WHAT YOU HAVE TO DO: The output should be the listing below, limited to the lines from the one with "Fall anime -kort" through the one with "ポケモンカードゲーム ロケット団の栄光 5box シュリンク付き ポケモンカードゲーム", exact and without pictures.

MATERIAL PROVIDED:
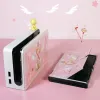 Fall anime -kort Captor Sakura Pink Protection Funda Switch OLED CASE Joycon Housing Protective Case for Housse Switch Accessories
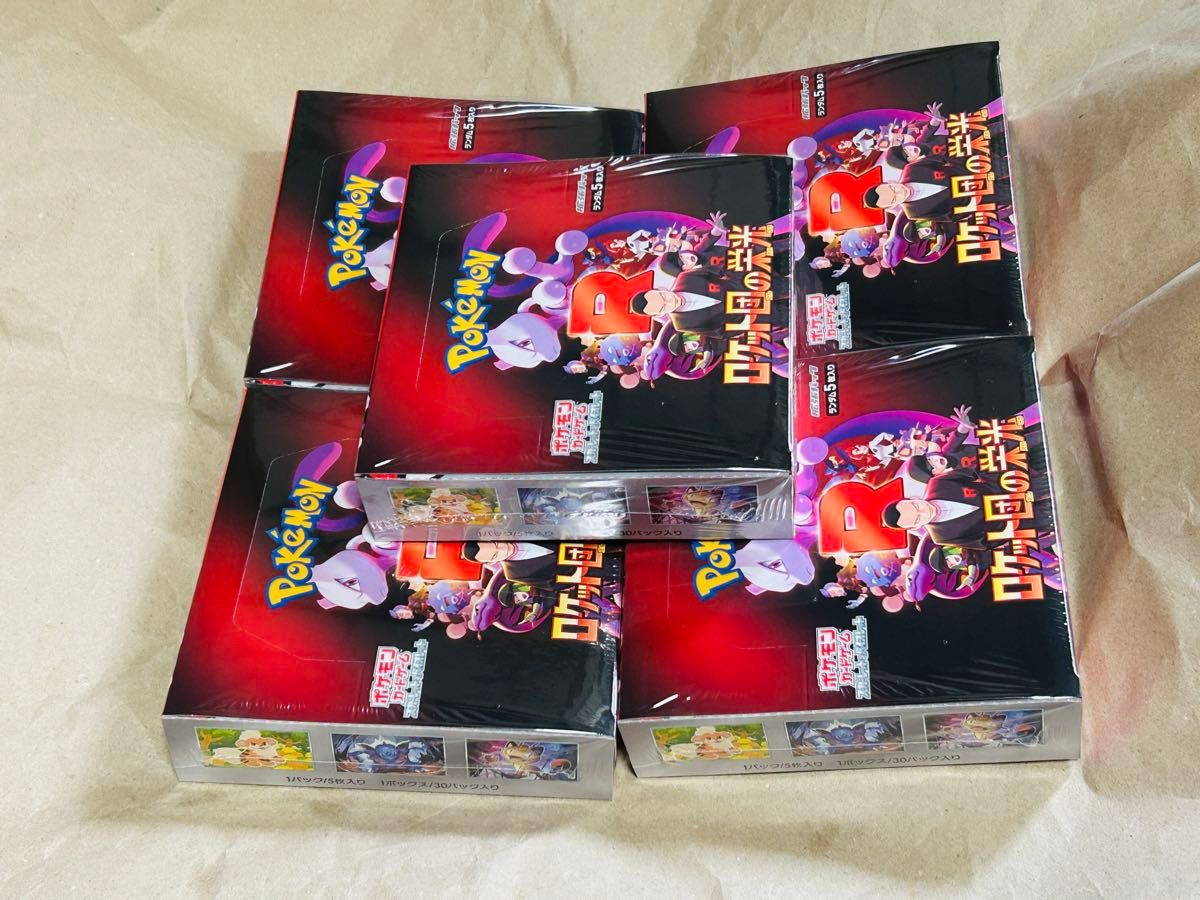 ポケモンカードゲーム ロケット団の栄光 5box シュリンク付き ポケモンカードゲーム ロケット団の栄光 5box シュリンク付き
...
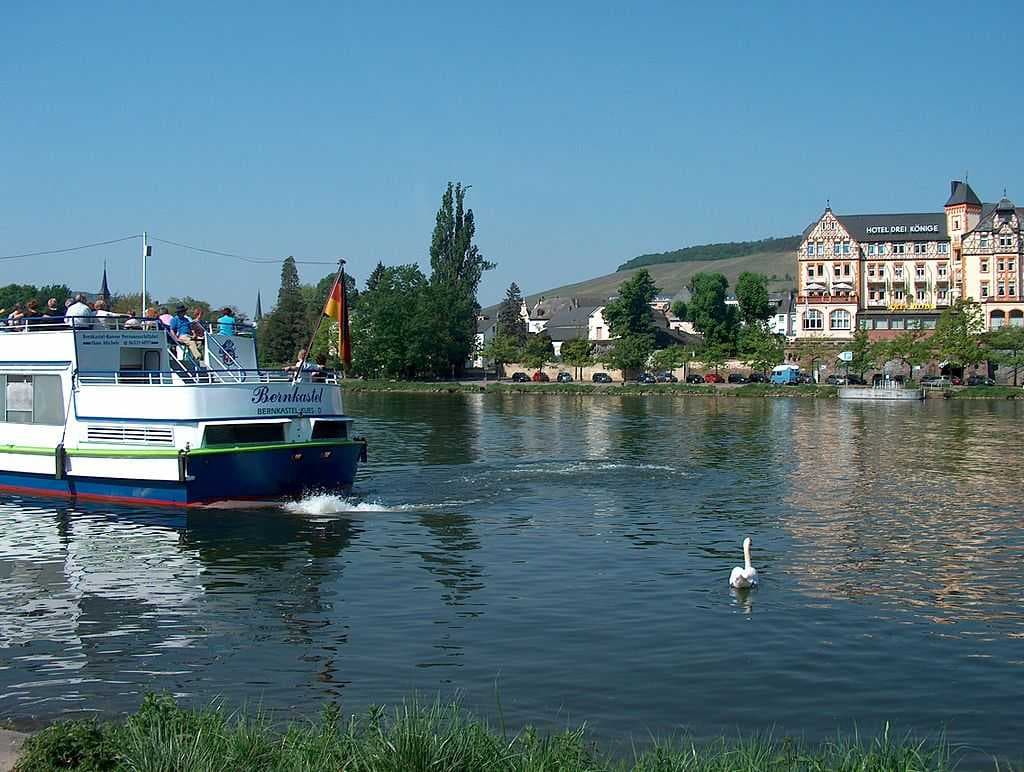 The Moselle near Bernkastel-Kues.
* * *
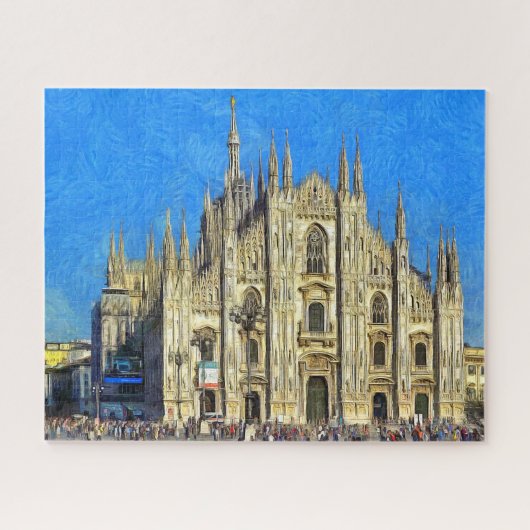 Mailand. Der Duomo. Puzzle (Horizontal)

YOUR SOLUTION:
 Fall anime -kort Captor Sakura Pink Protection Funda Switch OLED CASE Joycon Housing Protective Case for Housse Switch Accessories
 ポケモンカードゲーム ロケット団の栄光 5box シュリンク付き ポケモンカードゲーム ロケット団の栄光 5box シュリンク付き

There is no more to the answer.